** WORK REQUEST **
Restate the listing below word for word; no pictures belong in the copy.
(DATA FOR PROCESSING)
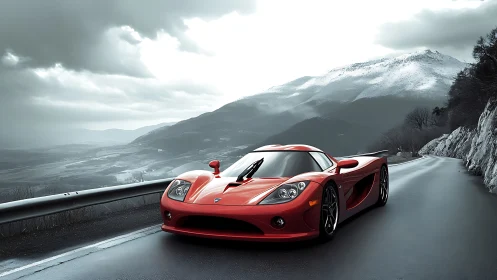 Scarlet supercar streaks across moody alpine mountain road.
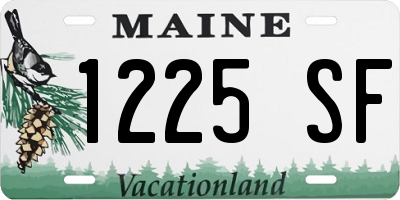 ME license plate 1225SF
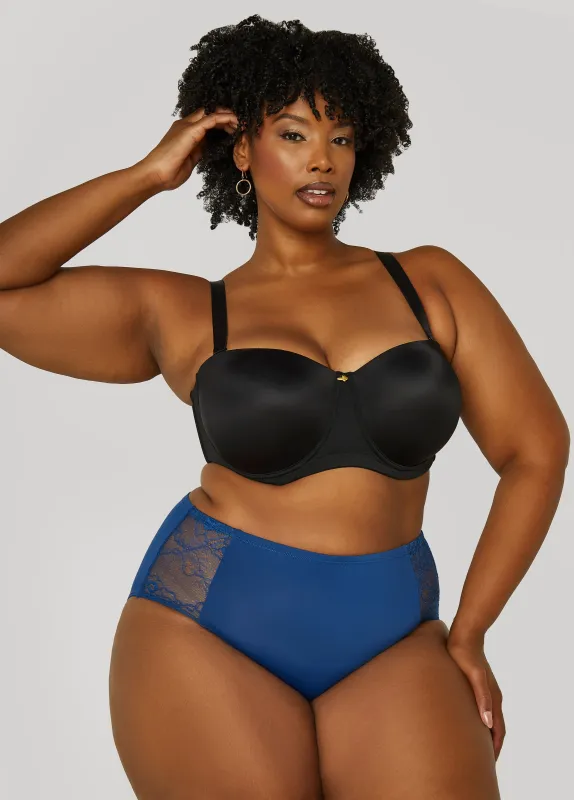 Lace Paneled Microfiber Briefs sold by Ashley Stewart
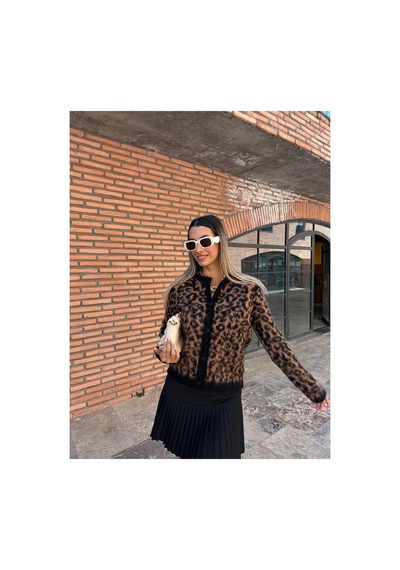 Piedra Leopar Desen Şardonlu Kadın Hırka Siyah - 674122990 Siyah - 674122990 Siyah
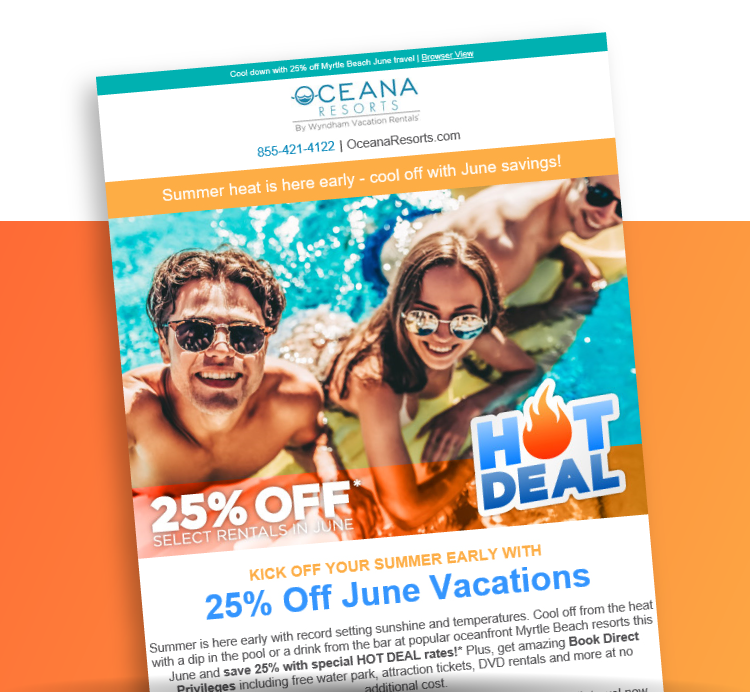 Oceana Resorts Hot Deal Sale Email Example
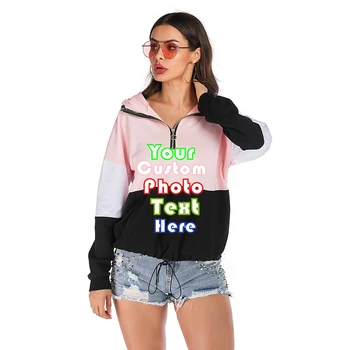

2019 Custom Logo Printed Customized Text Photo European and American style Three Color Patchwork Hoodie for Women Sweater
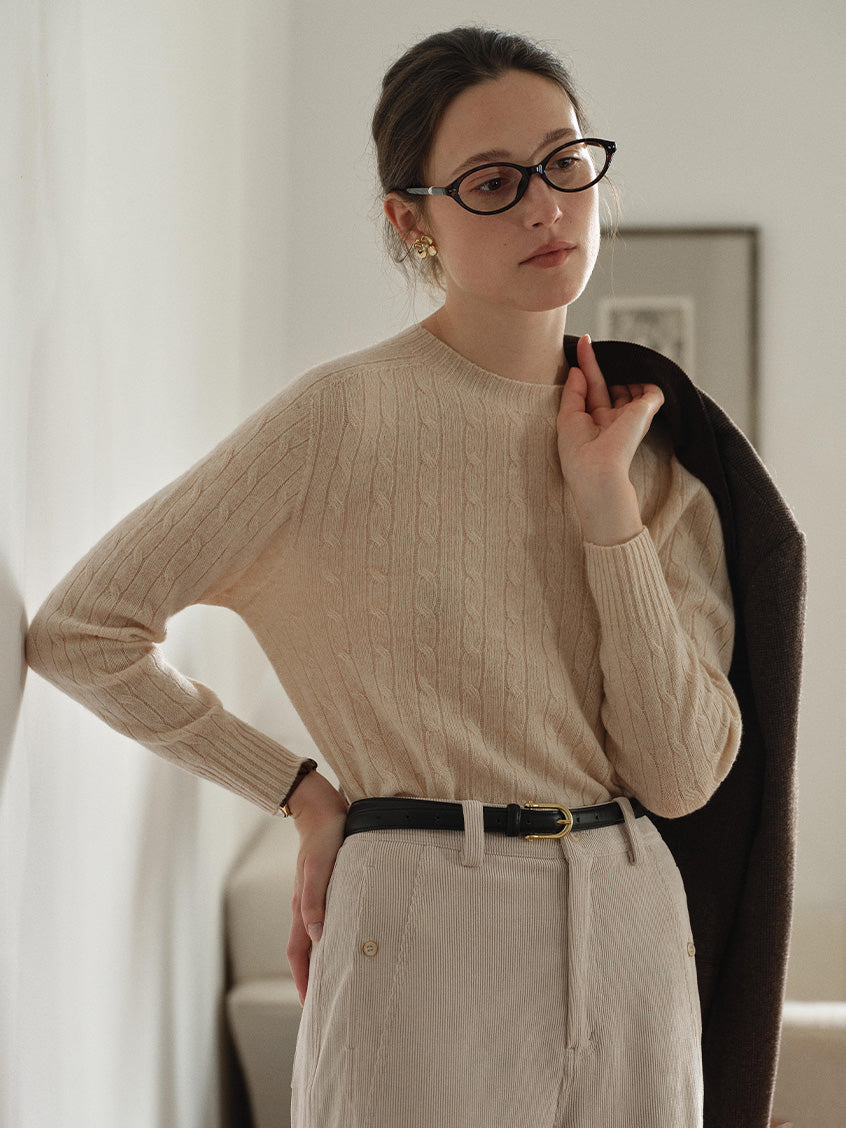 Shay Cable-Knit Lightweight Wool-Cashmere Sweater Beige
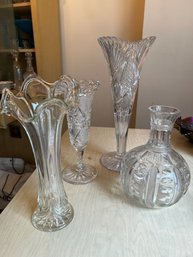 Awesome Group Of Crystal Vases One Mid Century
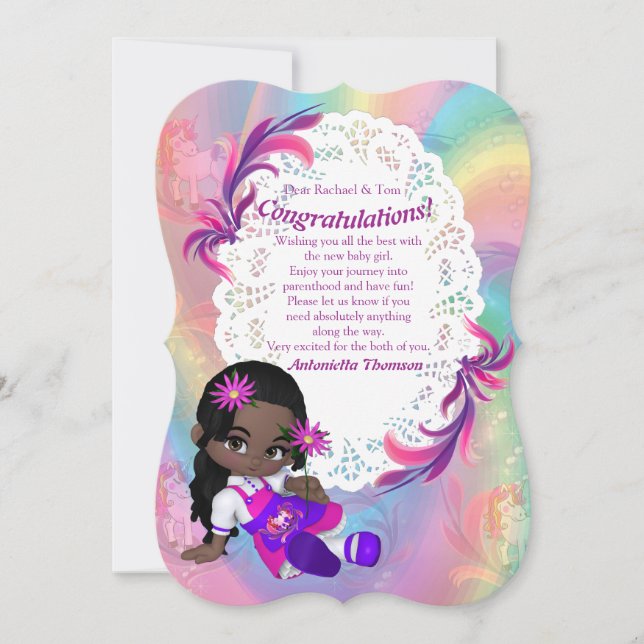 Farbenfrohe Regenbogenbrillen Kinderdusche Glückwu Einladung (Vorderseite)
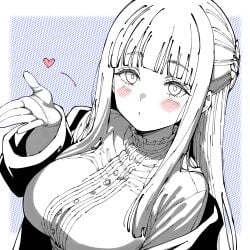 1girls big_breasts blowing_kiss blush breasts busty female female female_only fern_(sousou_no_frieren) heart highres large_breasts long_hair looking_at_viewer monochrome parted_lips seductive seductive_look solo sousou_no_frieren voluptuous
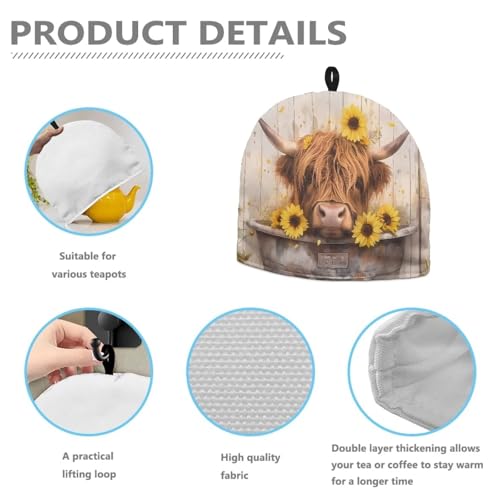 Highland Cow and Sunflower Insulated Tea Cozy for Standard Teapots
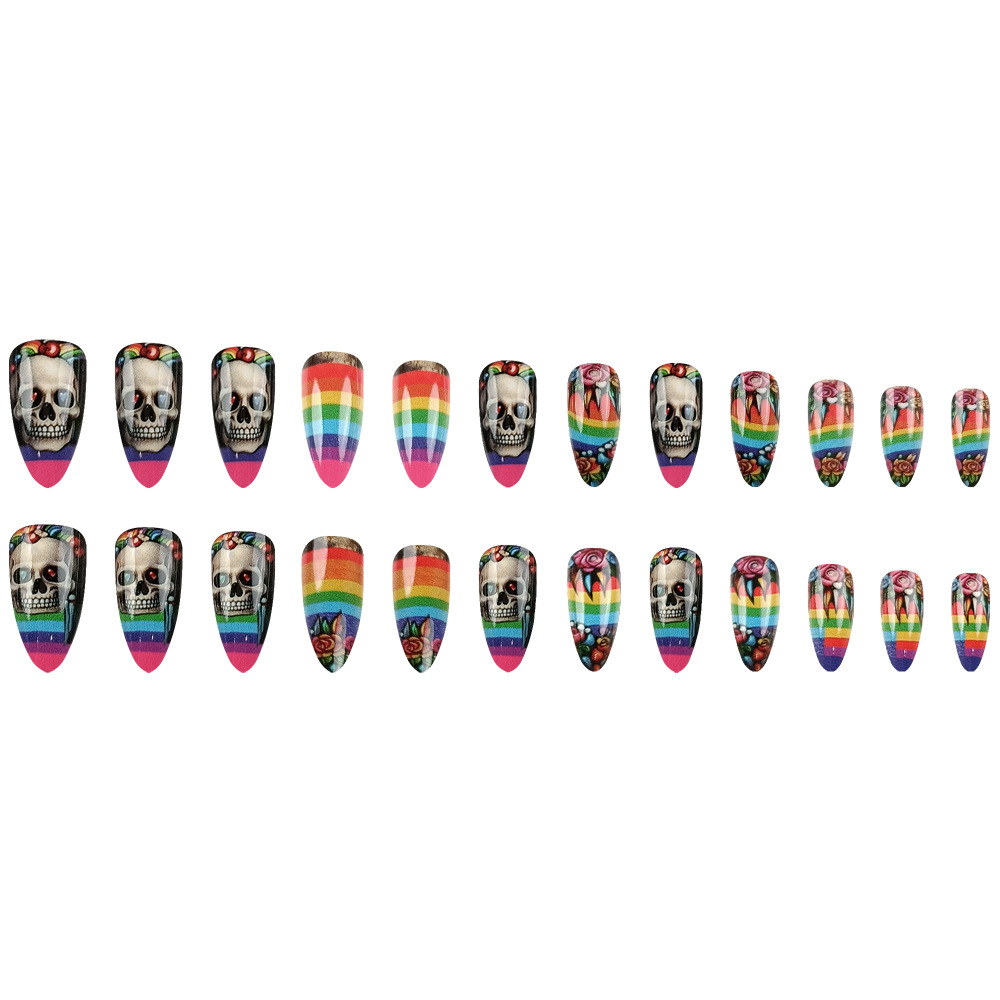 Nueva armadura de vestir de Halloween, rayas de arco iris, flores, calavera, uñas, 24 piezas, pegatinas de uñas de comercio exterior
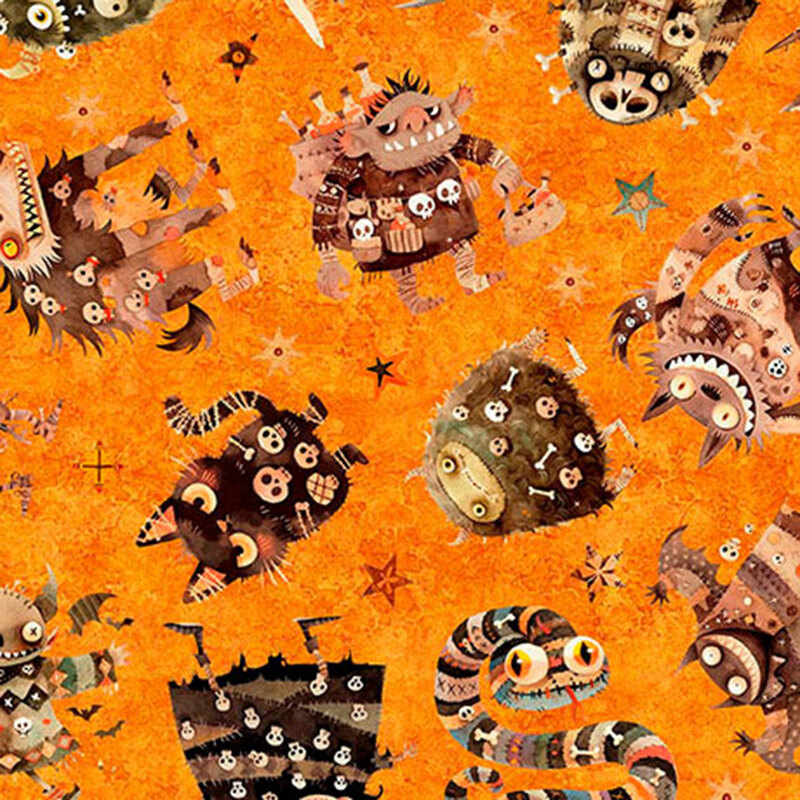 Textured orange fabric featuring terrifying monsters and animals and decorated stars.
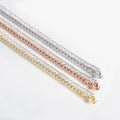 Popular 7.25 Inch Tennis Bracelet with Tongue Lock Gold Plated 3.0MM Square Shape CZ Diamond Rhodium Plated Zircon for Gift
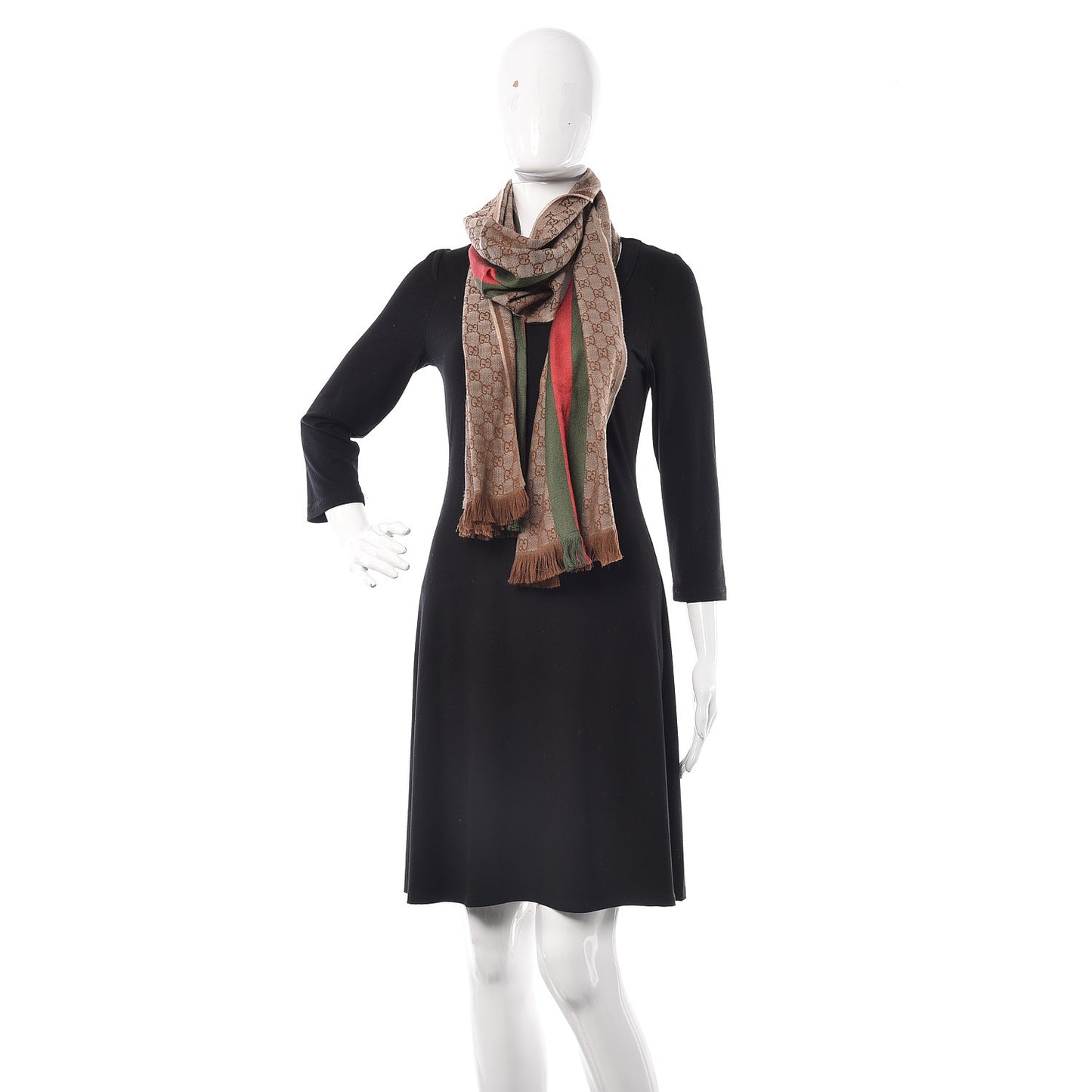 Wool Silk GG Monogram Web Verbier Fringe Scarf Light Brown Dark Green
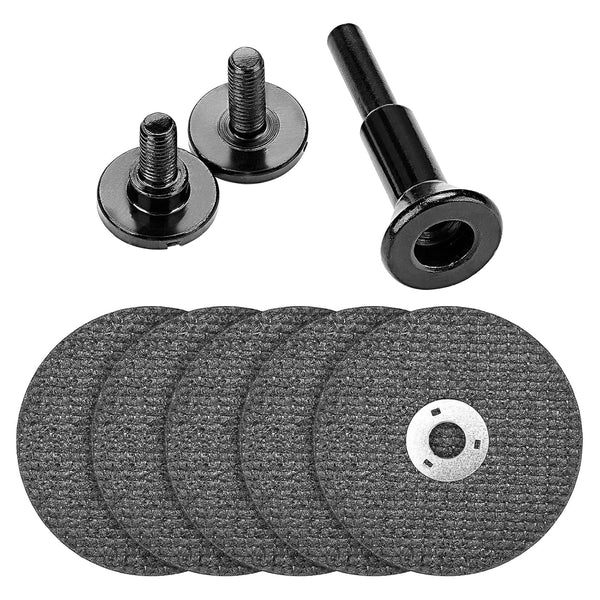 5Pcs Cut Off Wheels 3 inch with 1/4 Stem Mandrel Kit for Die Grinder - 3/8" Arbor Hole Cutting Wheel for Metal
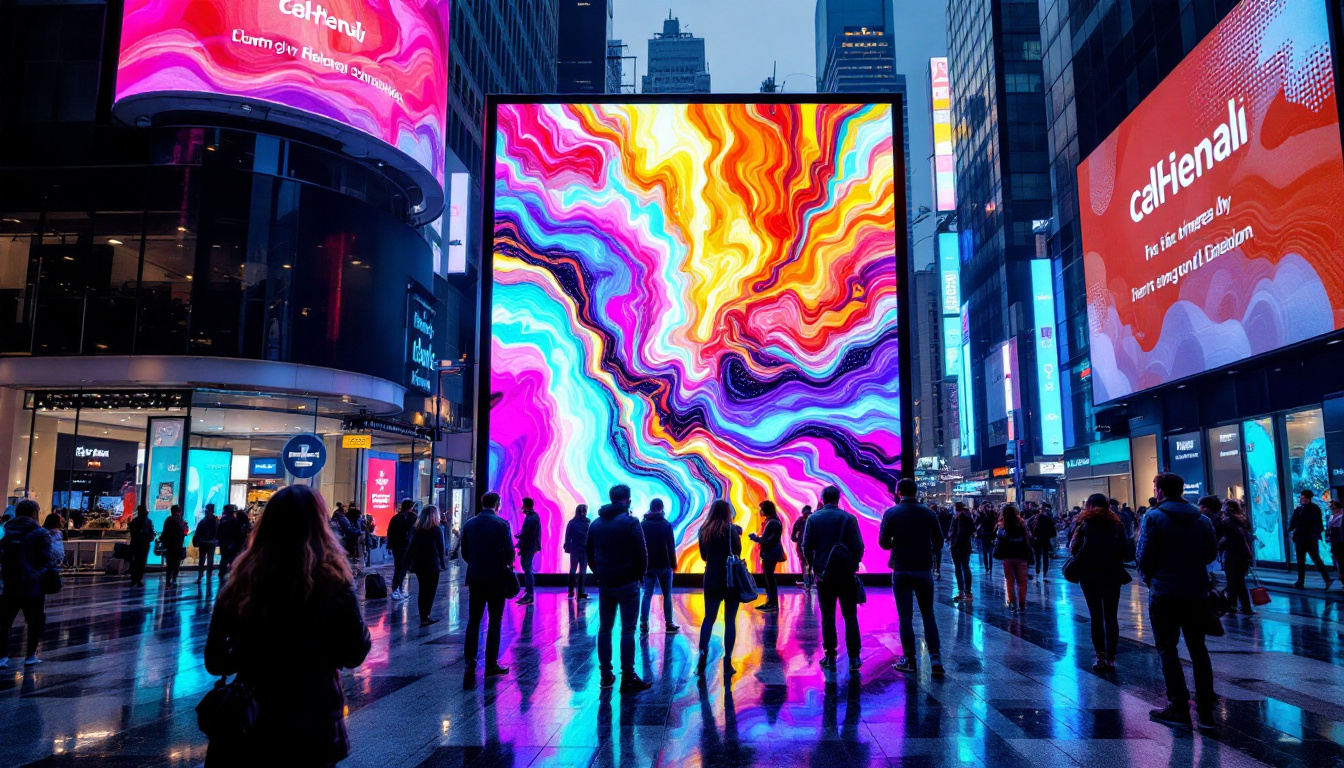 A photograph of a vibrant led display in a bustling urban environment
(End DATA FOR PROCESSING)
** THE ANSWER **
 Scarlet supercar streaks across moody alpine mountain road.
 ME license plate 1225SF
 Lace Paneled Microfiber Briefs sold by Ashley Stewart
 Piedra Leopar Desen Şardonlu Kadın Hırka Siyah - 674122990 Siyah - 674122990 Siyah
 Oceana Resorts Hot Deal Sale Email Example

2019 Custom Logo Printed Customized Text Photo European and American style Three Color Patchwork Hoodie for Women Sweater
 Shay Cable-Knit Lightweight Wool-Cashmere Sweater Beige
 Awesome Group Of Crystal Vases One Mid Century
 Farbenfrohe Regenbogenbrillen Kinderdusche Glückwu Einladung (Vorderseite)
 1girls big_breasts blowing_kiss blush breasts busty female female female_only fern_(sousou_no_frieren) heart highres large_breasts long_hair looking_at_viewer monochrome parted_lips seductive seductive_look solo sousou_no_frieren voluptuous
 Highland Cow and Sunflower Insulated Tea Cozy for Standard Teapots
 Nueva armadura de vestir de Halloween, rayas de arco iris, flores, calavera, uñas, 24 piezas, pegatinas de uñas de comercio exterior
 Textured orange fabric featuring terrifying monsters and animals and decorated stars.
 Popular 7.25 Inch Tennis Bracelet with Tongue Lock Gold Plated 3.0MM Square Shape CZ Diamond Rhodium Plated Zircon for Gift
 Wool Silk GG Monogram Web Verbier Fringe Scarf Light Brown Dark Green
 5Pcs Cut Off Wheels 3 inch with 1/4 Stem Mandrel Kit for Die Grinder - 3/8" Arbor Hole Cutting Wheel for Metal
 A photograph of a vibrant led display in a bustling urban environment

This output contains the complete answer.